I have an alternative theory. The conservative Christians in the this country, starting in the late 70′s have been prosecuting an agenda to increase their political power. Using their pulpits, radio stations, television, publishing houses, the separation of church and state and the religious freedom provided by our Constitution the Christian Right was and has been much more effective in demonizing atheists as misguided, immoral, or Satanists. Beyond this agenda comes the follow up that casts the Democrat party as the “Atheist” Party.
I personally will continue to mock conservative fundie christians and, as far as that goes, left wing PETA fanatics. I mock their arrogance and extremism, not their basic right to believe as they do.
The problem is that I have a hard time forming alliances with people who openly mock my most deeply held beliefs, and who refuse to believe that we have more in common than not.
I am, I expect, someone who would fall under the category of “mocker.” I’ll happily mock all the live-long day. Frankly, I find the notion behind religion fascinating, but basically absurd, and I’m all for mocking a little absurdity.
But never — never — have I mocked a religious person unprovoked to his or her face, and never have I been anything other than respectful in a religious setting. That’s not down to some essential respect for religion, it’s just garden-variety politeness. My mocking takes place solely in contexts in which any religious folk wandering by are there by their own choice; I mock only on my own turf and in the public square.

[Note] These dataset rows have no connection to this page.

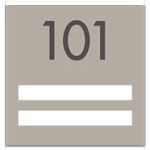 Room Number Sign - 2 slot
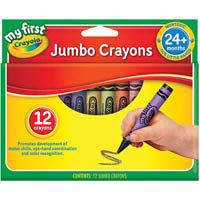 crayola my first jumbo crayons assorted pack 12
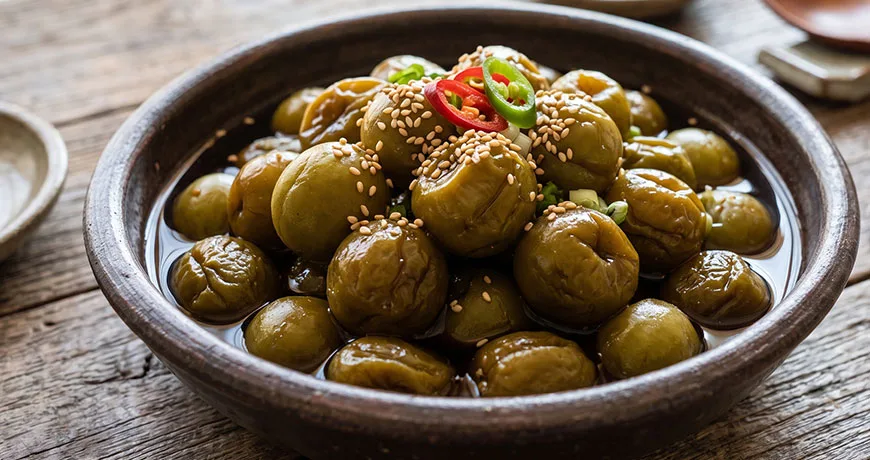Pickled Green Plum | 매실장아찌
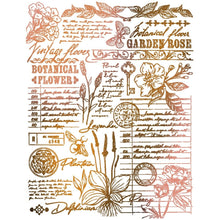 Load image into Gallery viewer, Vintage Flora - 5x6 Rubber Cling Background Stamp
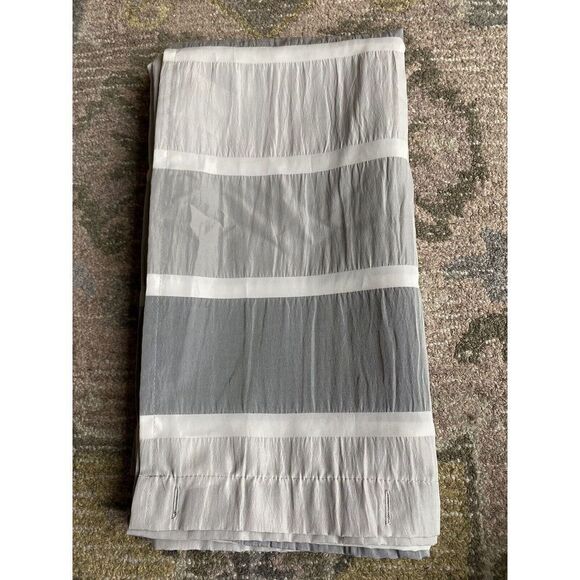 Threshold Blocked Striped Shower Curtain - Picture 2 of 7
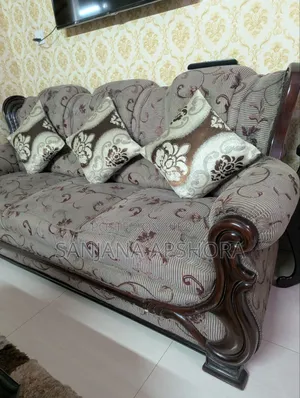 Mehguni Wood Sofa Set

So while there’s no shortage of assholes in the world, I’d be genuinely surprised if the kind of aggressive god-hating that’s so often insinuated in these “stop making fun of me!” speeches actually happens very often, and certainly not often enough to require a crackdown on uppity atheists. Usually what I see is a religious person getting all knotted up over stuff said by unbelievers in an entirely appropriate setting — in effect, trying to quash dissent from their deeply-held but unshared beliefs. Sorry, but y’all have a seriously bad reputation for not being able to take a joke.
Which is a long-winded way of saying, if somebody walks into your church on Sunday morning (or your sabbath as applicable) and throws a big atheist cream pie in your face, you have every right to kick their ass out. I also support your right to be religious in public, as long as you don’t force anyone else to go along with you. But if you’re going to “believe deeply” in public, where atheists sometimes appear, you’re just going to have to put up with a certain amount of mocking.
Sister Novena, you are my new f*ing hero.
He argued that atheists were driving people away from the Democratic party. I’m sorry, but I think that’s bullshit.
He also had several really big problems with answering substantive criticism of his post. I’m having trouble getting into Pandagon right now, but I criticized his post because his concern seemed to be getting atheists not to respond to attacks made on them by the shit-stirrers at Newsweek (though he did not link to any articles) because that would be rising to the Republican bait. To which I responded, well, why are you advocating reaction rather than proaction? Why not answer the articles by stressing that Democrats respect *everyone’s* rights, including atheists, and that freedom of religion was one of this country’s founding principles?
His response was to tell me that I was being childish and call Amanda a liar.
I wouldn’t be surprised if Echidne wasn’t re-thinking this whole guest blogger thing if this is the kind of defense this guy mounts to substantive criticism.
Nonsense. “I know you are but what am I?” is a perfectly good rebuttal. You’re just jealous because you’re stupid.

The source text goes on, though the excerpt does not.